How to run a python file using cron jobs
Hi I have created a python file for example as file_example.py
The file will output the sensex value
Suppose the path of the file on linux system is /Desktop/downloads/file_example.py
and I normally will run the file like python file_example.py
But I want to set a cron job to run the python file every 2 min which is located at the above path
Can anyone please let me know how to do this
Edited Code:
I had edited the code and created a bash script with the name test.sh as indicated below
#!/bin/bash
cd /Desktop/downloads/file_example.py
python file_example.py 2>log.txt
When I run the above file, the following error is displayed:
sh-4.2$ python test.sh
File "test.sh", line 3
python test.py 2>log.txt
^
SyntaxError: invalid syntax
Assuming you are using a unix OS, you would do the following.
edit the crontab file using the command
crontab -e
add a line that resembles the one below
*/2 * * * * /Desktop/downloads/file_example.py
this can be used to run other scripts simply use the path to the script needed i.e.

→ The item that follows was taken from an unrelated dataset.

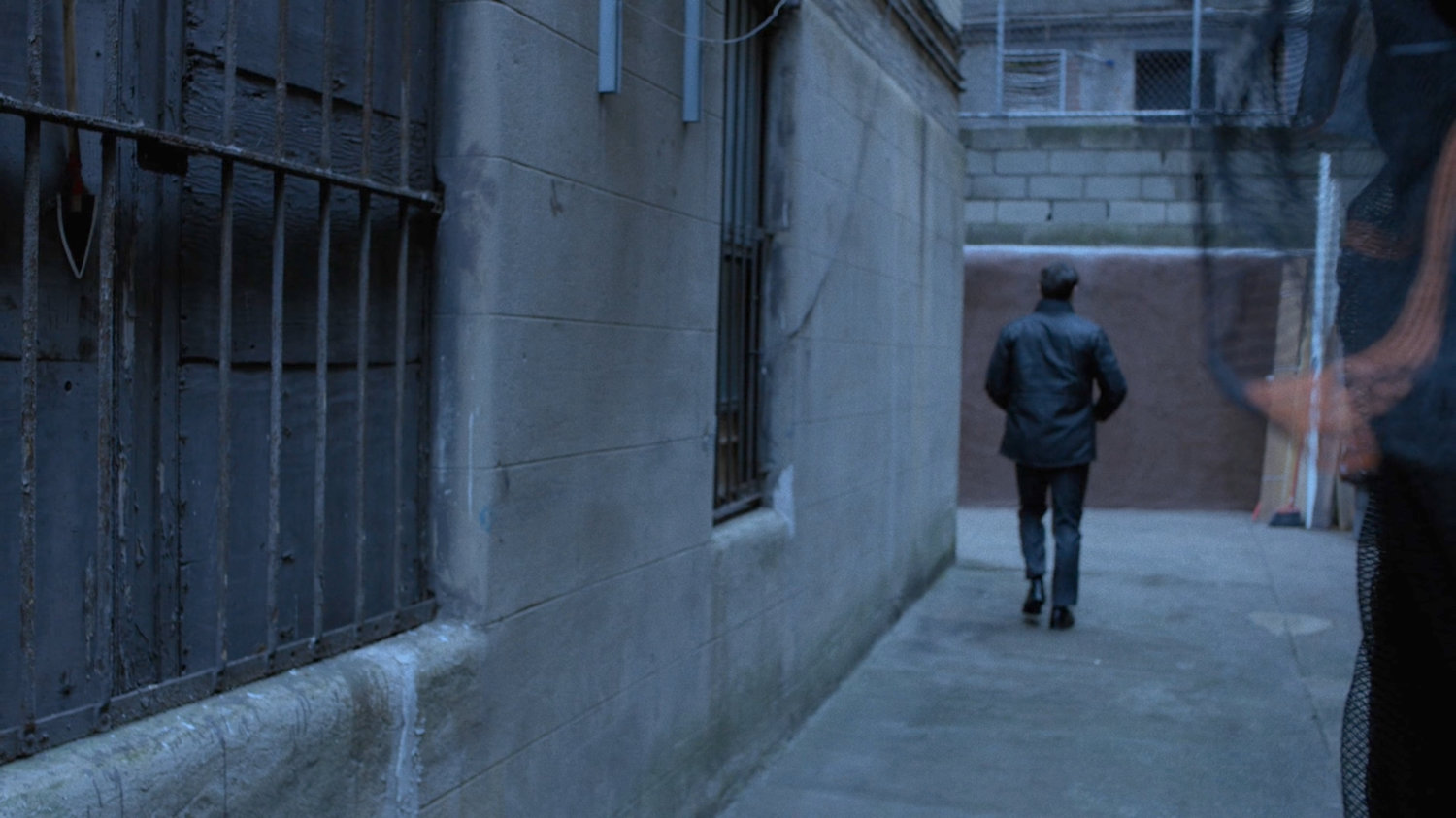 Matt walking around corner in alley.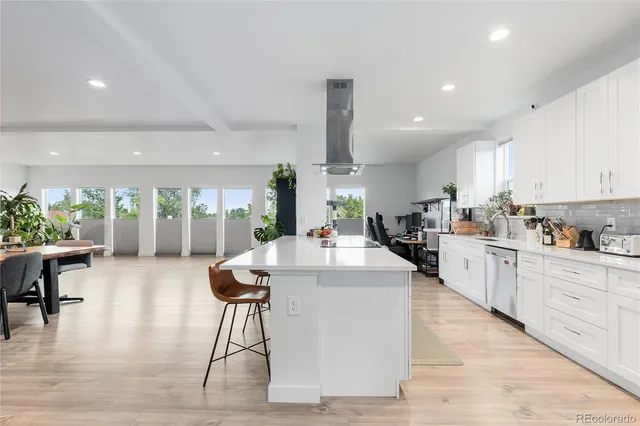 a kitchen with stainless steel appliances kitchen island granite countertop a stove a sink a refrigerator and cabinets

*/2 * * * * /path/to/script/to/run.sh
An explanation of the timing is below (add a star and slash before number to run every n timesteps, in this case every 2 minutes)
* * * * * command to be executed
- - - - -
| | | | |
| | | | ----- Day of week (0 - 7) (Sunday=0 or 7)
| | | ------- Month (1 - 12)
| | --------- Day of month (1 - 31)
| ----------- Hour (0 - 23)
------------- Minute (0 - 59)
You can use python-crontab module.
https://pypi.python.org/pypi/python-crontab
To create a new cron job is as simple as follows:
from crontab import CronTab
#init cron
cron = CronTab()
#add new cron job
job = cron.new(command='/usr/bin/echo')
#job settings
job.hour.every(4)